■ Data excerpts

┄┄┄┄┄┄

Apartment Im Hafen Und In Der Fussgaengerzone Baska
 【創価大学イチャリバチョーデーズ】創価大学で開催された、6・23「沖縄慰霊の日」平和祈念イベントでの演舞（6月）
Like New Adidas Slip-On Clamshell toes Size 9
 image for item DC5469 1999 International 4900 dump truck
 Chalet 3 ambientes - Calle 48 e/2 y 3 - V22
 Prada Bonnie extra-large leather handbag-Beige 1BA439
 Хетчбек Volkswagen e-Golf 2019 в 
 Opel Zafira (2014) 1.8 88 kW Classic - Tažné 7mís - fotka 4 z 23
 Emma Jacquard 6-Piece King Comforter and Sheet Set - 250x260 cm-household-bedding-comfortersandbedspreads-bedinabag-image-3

┄┄┄┄┄┄

■ Exercise aim
Every line above with the word "image" belongs in the answer, copied as written.

■ Solution for this exercise
 image for item DC5469 1999 International 4900 dump truck
 Emma Jacquard 6-Piece King Comforter and Sheet Set - 250x260 cm-household-bedding-comfortersandbedspreads-bedinabag-image-3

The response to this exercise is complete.